I created a very simple network and tried to create text like Anna Karenina book (which its text can be downloaded from here from the Gutenberg.org library)
I used normal LSTM and it created text such as :
...
epoch: 59/60 loss: 1.2538
generated text :
the ive been a definiteness
of hearing her husband the merchants
the standard of such as its a picture he said smiling to himself with a firstries of anna went to the shade in
alexey alexandrovitch whate
However, when I tried to use the Bidirectional LSTM for it, the loss decreased nearly 10x more but the text generation is aweful! :
This is a sample using bilstm :
...
epoch: 59/60 loss: 0.1313
generated text:
the a a atat dededededededededededededededededededededededededededededededed dodododododododododododododododododododododododododododododododododododod downwnen nenenenenenenensns
susususeseseseseststststs
This is my network which as you can see is pretty simple :
class lstm_char(nn.Module):
def __init__(self, rnn_type='rnn', unique_chars=110, hidden_size=30,
num_layers=1, dropout=0.3, bidirection =False, act='tanh'):
super().__init__()
self.unique_char = unique_chars
self.int2char = dict(enumerate(self.unique_char))
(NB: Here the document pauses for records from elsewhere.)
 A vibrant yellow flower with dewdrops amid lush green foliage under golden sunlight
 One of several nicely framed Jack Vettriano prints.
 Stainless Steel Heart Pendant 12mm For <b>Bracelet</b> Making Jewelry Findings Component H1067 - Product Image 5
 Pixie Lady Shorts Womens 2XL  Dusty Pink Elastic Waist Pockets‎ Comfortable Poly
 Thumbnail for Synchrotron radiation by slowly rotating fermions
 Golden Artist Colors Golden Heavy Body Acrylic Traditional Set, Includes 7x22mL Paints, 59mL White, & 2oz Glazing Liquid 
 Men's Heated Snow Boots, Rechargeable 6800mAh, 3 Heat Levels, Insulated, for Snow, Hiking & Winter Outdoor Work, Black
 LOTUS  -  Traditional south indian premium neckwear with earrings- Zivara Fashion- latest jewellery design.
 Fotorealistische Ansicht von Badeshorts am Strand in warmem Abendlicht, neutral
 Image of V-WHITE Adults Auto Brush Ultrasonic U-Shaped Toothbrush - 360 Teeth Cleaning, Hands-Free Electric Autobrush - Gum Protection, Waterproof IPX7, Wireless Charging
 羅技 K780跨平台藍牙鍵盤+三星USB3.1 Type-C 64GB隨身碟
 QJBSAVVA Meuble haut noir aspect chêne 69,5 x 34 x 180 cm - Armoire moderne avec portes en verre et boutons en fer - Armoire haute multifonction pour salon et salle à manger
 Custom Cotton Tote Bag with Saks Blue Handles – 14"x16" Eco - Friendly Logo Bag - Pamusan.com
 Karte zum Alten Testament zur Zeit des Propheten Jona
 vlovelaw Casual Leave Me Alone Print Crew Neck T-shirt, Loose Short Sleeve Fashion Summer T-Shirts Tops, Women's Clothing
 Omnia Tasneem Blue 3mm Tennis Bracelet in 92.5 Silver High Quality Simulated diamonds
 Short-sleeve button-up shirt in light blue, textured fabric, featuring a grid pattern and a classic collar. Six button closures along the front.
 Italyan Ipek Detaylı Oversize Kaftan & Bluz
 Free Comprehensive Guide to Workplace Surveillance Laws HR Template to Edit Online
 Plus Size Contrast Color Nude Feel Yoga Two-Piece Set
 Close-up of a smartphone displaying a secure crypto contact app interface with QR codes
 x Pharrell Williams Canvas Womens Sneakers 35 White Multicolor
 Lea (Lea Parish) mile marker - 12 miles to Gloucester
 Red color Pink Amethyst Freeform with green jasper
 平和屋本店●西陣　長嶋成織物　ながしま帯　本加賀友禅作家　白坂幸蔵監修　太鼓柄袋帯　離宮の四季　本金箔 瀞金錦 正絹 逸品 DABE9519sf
self.char2int = {ch:ii for ii,ch in int2char.items()}
self.input_size = len(unique_chars)
self.output_size = self.input_size
self.hidden_size = hidden_size
self.drp = nn.Dropout(0.3)
self.rnn_type = rnn_type.lower()
self.direction = 2 if bidirection else 1
if rnn_type.lower() == 'rnn':
self.rnn = nn.RNN(self.input_size,
hidden_size,
num_layers,
batch_first=True,
dropout=dropout,
bidirectional=bidirection)
elif rnn_type.lower() == 'gru':
self.rnn = nn.GRU(self.input_size,
hidden_size,
num_layers,
batch_first=True,
dropout=dropout,
bidirectional=bidirection)
else:
self.rnn = nn.LSTM(self.input_size,
hidden_size,
num_layers,
batch_first=True,
dropout=dropout,
bidirectional=bidirection)
self.fc = nn.Linear(hidden_size*self.direction, self.output_size)
def forward(self, input, hidden_states):
rnn_outputs, hidden_states = self.rnn(input,hidden_states)
outputs = rnn_outputs.reshape(-1, self.hidden_size*self.direction)
outputs = self.drp(outputs)
outputs = self.fc(outputs)
return outputs, hidden_states
and this is my training loop :
hidden_size = 512
layers_cnt = 1
bidirection = True
rnn_type = 'lstm'
device = torch.device('cuda' if torch.cuda.is_available() else 'cpu')
model = lstm_char(rnn_type=rnn_type,
unique_chars=unique_chars,
hidden_size=hidden_size,
num_layers=layers_cnt,
bidirection=bidirection)
model = model.to(device)
optimizer = optim.Adam(model.parameters(), lr = 0.01)
criterion = nn.CrossEntropyLoss()
epochs =60
clip = 5.
interval = 1000
batch_size = 128
label_length = len(unique_chars)
hidden_states = None
val_ratio = 0.2
val_idx = int(corpus_digitized.size * (1-val_ratio))
train = corpus_digitized[:val_idx]
val = corpus_digitized[val_idx:]
assert train.size + val.size == corpus_digitized.size ,'they must be equal!'
for e in range(epochs):
for i, (data, label) in enumerate(get_next_batch(train, batch_size,seq_len=seq_len)):
model.train()
data = torch.from_numpy(one_hot(data,length=label_length)).to(device)
label = torch.from_numpy(label).to(device)
output , hidden_states = model(data, hidden_states)
if model.rnn_type == 'lstm':
hidden_states = tuple(h.data for h in hidden_states)
else:
hidden_states = hidden_states.data
# label is the same
label = label.view(batch_size*seq_len).long()
loss = criterion(output, label)
optimizer.zero_grad()
loss.backward()
# note the _, which indicates the inplace operation!
torch.nn.utils.clip_grad_norm_(model.parameters(),max_norm=5.)
optimizer.step()
if i%interval==0:
print(f'epoch: {e}/{epochs} loss: {loss.item():.4f}')
Is this expect? or am I doing something wrong here?